Tim Peake said the government is starting to recognise how important it is to invest in science and R&D, but that more can be done in order for the UK to reap the rewards of future technologies.
“I think that slowly the governments are realising what our future is – whether it’s around autonomous vehicles, whether it’s around quantum computing, artificial intelligence, potential future energy sources such as nuclear fusion – if we don’t invest in R&D then we’re not going to reap the rewards of what potential that has to offer us in the future,” said Peake.
“And I think slowly that the government is realising that and starting to invest a more appropriate amount,” he added.
National Lottery awarded £596m to science museums
He told the PA news agency that National Lottery funding allows children to visit science institutions free of charge, develop an interest in the industry, and potentially go on to work in R&D.

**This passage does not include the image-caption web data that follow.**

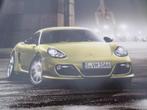 Porsche Cayman R Boek, Ophalen of Verzenden, Porsche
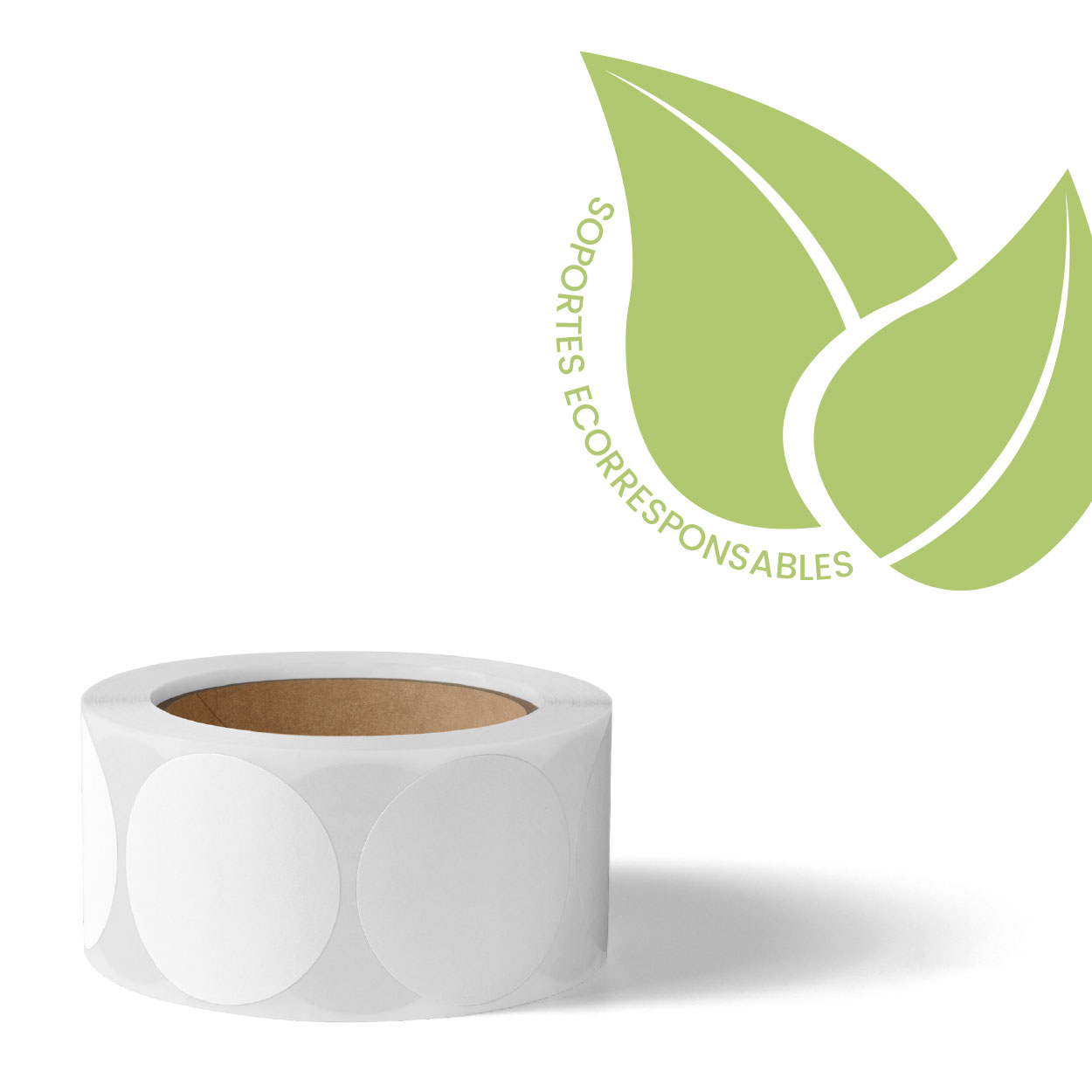 cane fiber papel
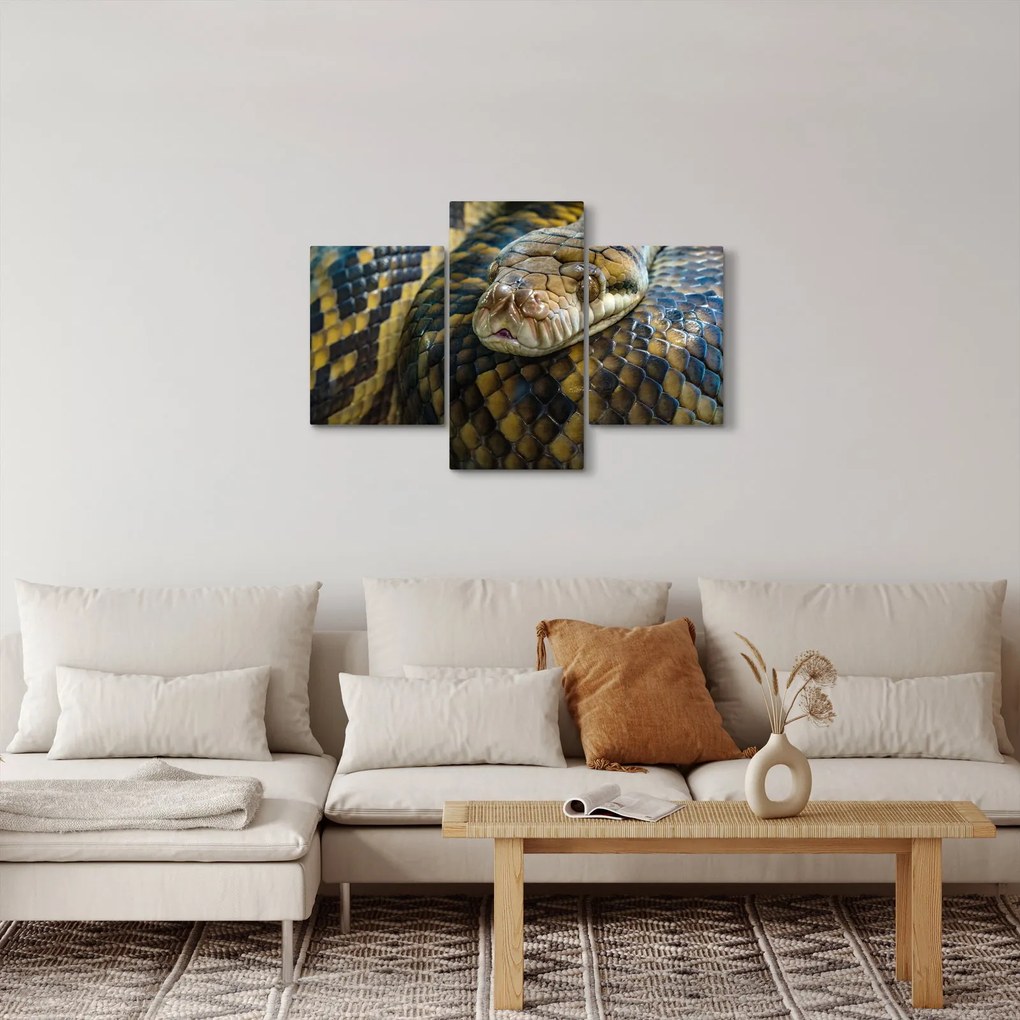 Obraz - Pytón (90x60 cm)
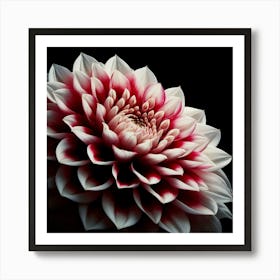 Red White Dahlia Flower on Black Background 1 Art Print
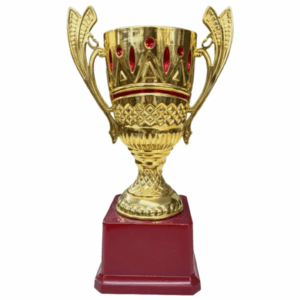 trophy cup 7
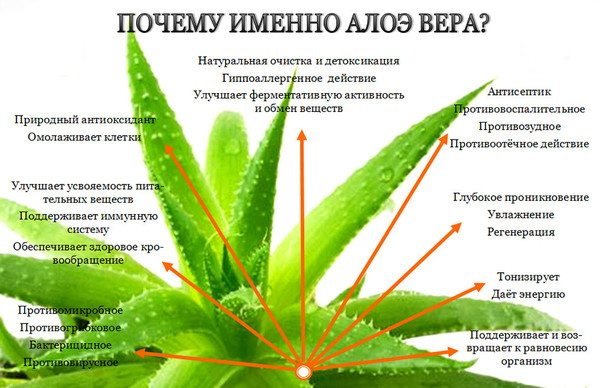 Лечебные растения. Фото, название, описание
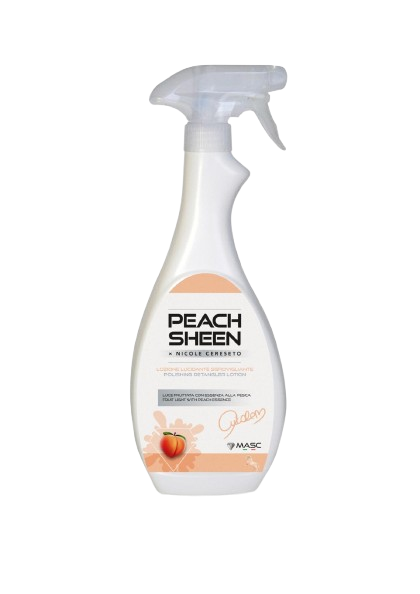 Districante Sgrovigliante Lucidante Spray NICOLE CERESETO for MASC
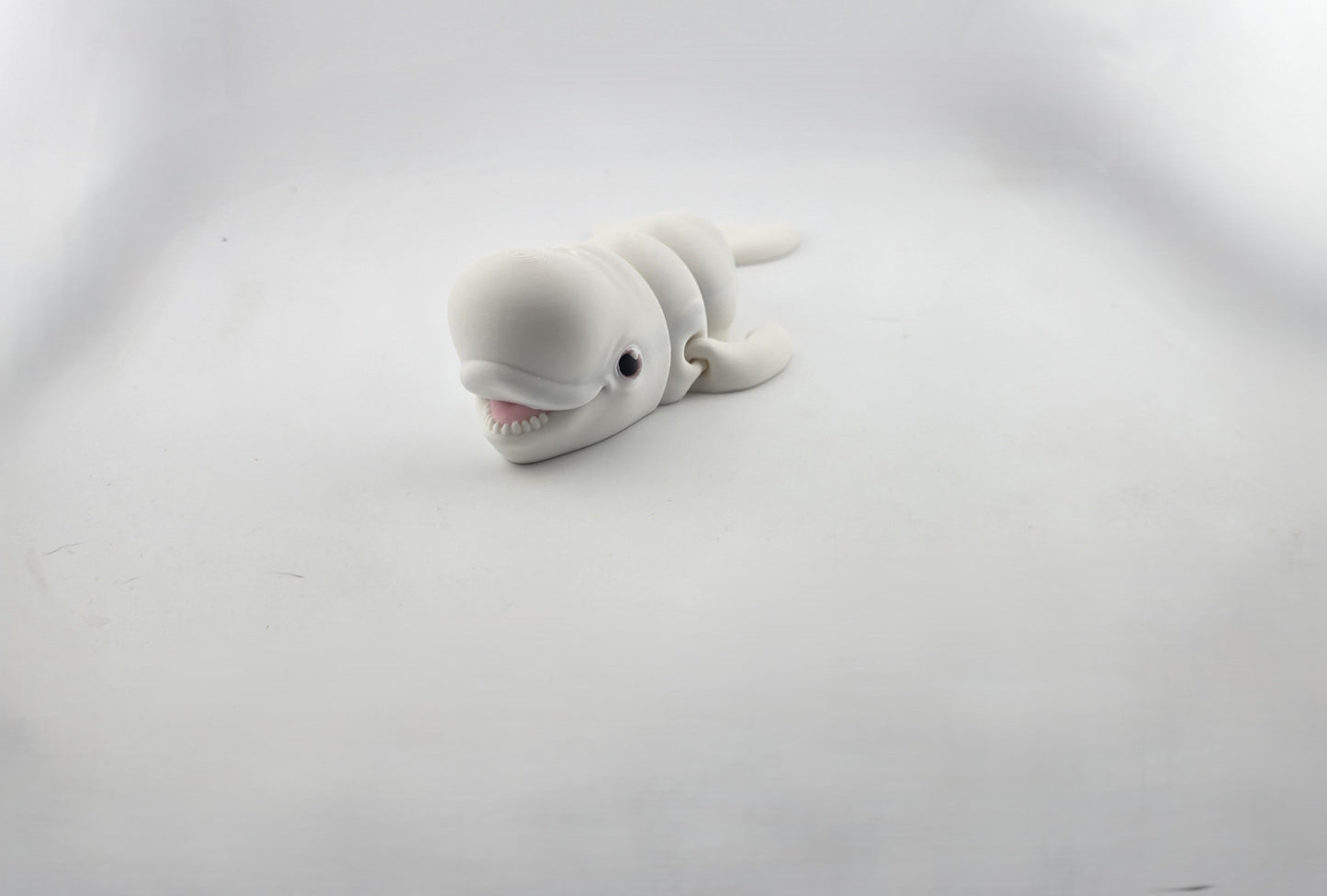 Beluga Whale - No Hands 3d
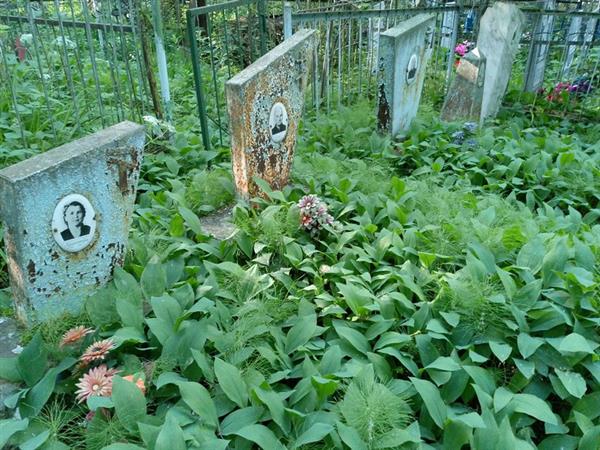 Гоманов Николай Сидорович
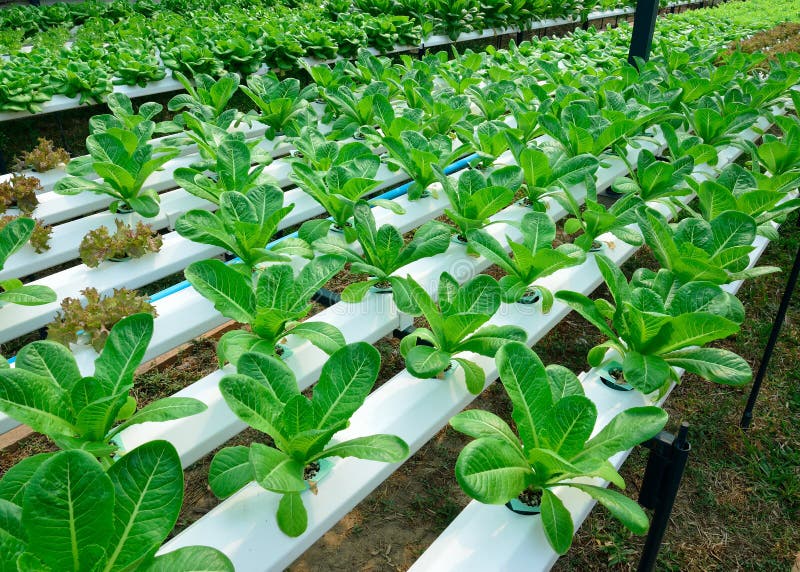 Green vegetable in farm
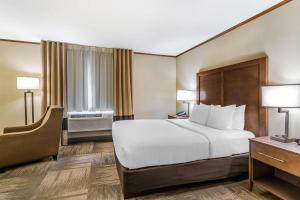 Queen Room - Non-Smoking room in Comfort Inn Sedalia Station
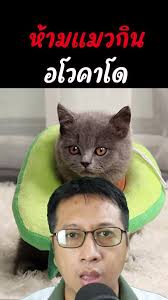 แมวห้ามกิน: อันตรายจากช็อคโกแลตและอะโวคาโด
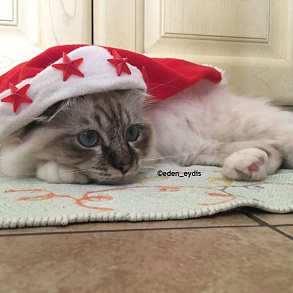 Бирманская кошка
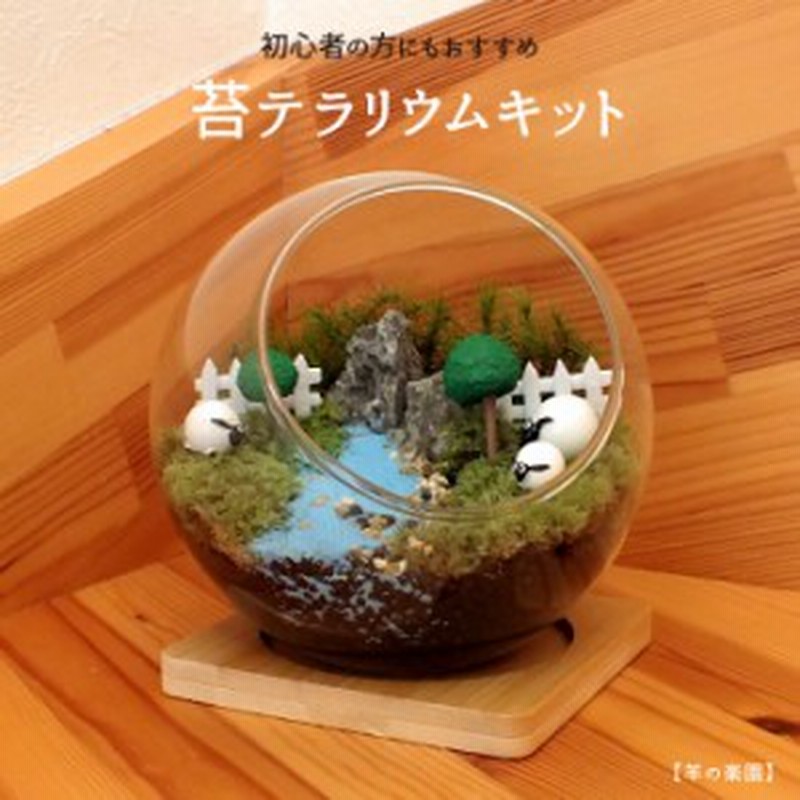 羊の楽園 苔テラリウム 苔リウム コケリウム 盆栽 苔 手作り キット 巣ごもり おうち時間 ガーデニング 観葉植物 園芸 癒し ギフト 誕 通販 Lineポイント最大1 0 Get Lineショッピング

“It allows these establishments to increase their attractions and to improve the number of exhibits that are there, and also keep the UK at the forefront of having these incredible establishments that are able to remain open to the public and remain free for people to go and visit,” said Peake.
“I think that you can’t underestimate the impact of what this funding allows these types of projects to do, and how the local economies benefit from it, and also the people go visit them.”
Over the last 25 years, the National Lottery has awarded £596 million to science museums and science and education projects.
Funding allows children to visit science museums for free
Peake’s ten top scientific attractions in the UK, which have all received National Lottery funding, include the Science Museum in London and Cheshire’s Jodrell Bank Discovery Centre.
Also on Major Peake’s list are the Eden Project (Cornwall), Glasgow Science Centre, Museum of Zoology (Cambridge), Royal Navy Submarine Museum (Portsmouth), and Stargazing with Revitalising Redesdale (Northumberland).
Rounding out the top ten are the W5 Science & Discovery Centre (Belfast), Oxford University Museum of Natural History, and the National Museum Cardiff.
“The National Lottery has played a significant part in furthering science and education over the past 25 years and this can be seen in abundance through these attractions,” said Peake.